Barograf di seluruh dunia mendokumentasikan 7 kali gelombang kejut. Dalam 13 hari, lapisan sulfur dioksida dan gas lainnya mulai menyaring jumlah sinar matahari yang bisa mencapai Bumi.
Efek atmosfer yang diakibatkan membuat pemandangan matahari terbenam yang spektakuler di seluruh Eropa dan Amerika Serikat. Suhu global rata-rata mencapai 1,2 derajat lebih dingin selama lima tahun ke depan.
Media Forbes menyebut, erupsi Krakatau, dalam beberapa aspek, adalah bencana global pertama yang tercatat dalam sejarah.
Kisah letusan Krakatau diabadikan dalam film, buku, dokumenter, bahkan komik. Pasca letusan tersebut, Krakatau hancur sama sekali. Mulai pada 1927 atau kurang lebih 40 tahun setelah meletusnya Gunung Krakatau, muncul gunung api yang dikenal sebagai Anak Krakatau. Ia sangat aktif dan terus bertumbuh.
Jadi Destinasi Wisata Pilihan Masyarakat
Sementara itu, seperti dilansir lampungprov.go.id, Gunung Anak Krakatau memiliki luas sekitar 320 hektare dan merupakan pulau tak berpenghuni.
Gunung Anak Krakatau termasuk kawasan cagar alam Krakatau dengan total seluas 13.605 hektar yang dikelola oleh Badan Konservasi Sumber Daya Alam (BKSDA) Provinsi Lampung. Sekarang, Gunung Anak Krakatau adalah salah satu tempat wisata di Banten yang paling disukai pendaki gunung.
Kegiatan utama dan paling favorit di sini adalah mendaki Gunung Krakatau. Berdasarkan beberapa sumber teks Jawa Kuno, ketinggian Krakatau purba diperkirakan hampir 2000 mdpl.
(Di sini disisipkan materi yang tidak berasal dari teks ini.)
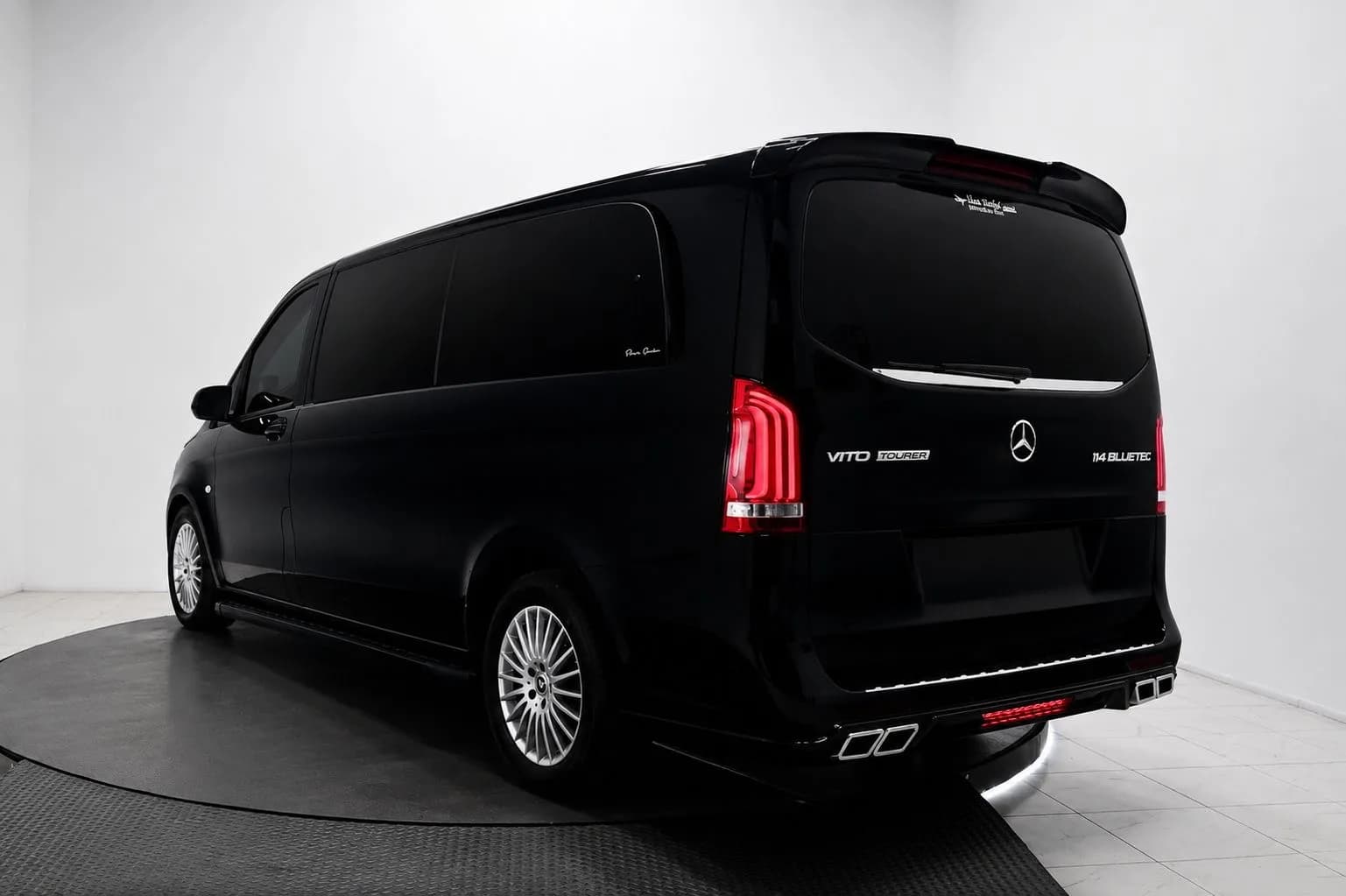 VIP Mercedes Vito Tourer 4+1 | Yıldız Tavanlı Şoförlü Araç İstanbul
Daya tarik wisata Gunung Krakatau yang sering jadi perbincangan, terletak pada sisa-sisa letusannya yang menghasilkan eksotisme bentangan alam sisa dari letusan dahsyat. Ditambah lagi dengan Anak Gunung Krakatau yang masih aktif dan fluktuatif. Selain itu, tinggi Gunung Anak Krakatau yang makin bertambah juga menjadi daya tarik pengunjung.